- Title card
- Directed by: Chuck Jones
- Story by: Michael Maltese
- Starring: Mel Blanc Daws Butler
- Edited by: Treg Brown
- Music by: Milt Franklyn
- Animation by: Ken Harris Abe Levitow Richard Thompson Harry Love
- Layouts by: Maurice Noble
- Backgrounds by: Philip DeGuard
- Color process: Technicolor
- Production company: Warner Bros. Cartoons
- Distributed by: Warner Bros. Pictures
- Release date: February 23, 1957;
- Running time: 6:58
- Language: English

= Go Fly a Kit =

Go Fly a Kit is a 1957 Warner Bros. Looney Tunes cartoon directed by Chuck Jones released on February 23, 1957. The title is a pun on the phrase "Go fly a kite."

== Plot ==
At an airport, a businessman notices a blue-eyed red female cat anxiously waiting by a fence.
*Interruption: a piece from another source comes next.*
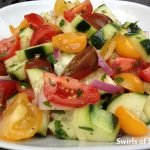 Heirloom Tomato & Cucumber Summer Salad is an easy summer side dish bursting with tomatoes and cucumbers lightly coated in a tangy red wine vinaigrette. Farmers market | vegetables | summer recipe | side dish | vinaigrette | easy recipe | #swirlsofflavor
The steward explains her story: she fell in love with a black-eyed black-and-white male kitten raised by an eagle, who learned to fly and saved her from a mean brown bulldog. Every winter, he flies south, and she waits for his return each spring. As the story ends, the cat's boyfriend arrives with their litter of flying kittens, bringing joy to her waiting.

==Home media==
Go Fly a Kit was released on Looney Tunes Golden Collection: Volume 4, Disc 4.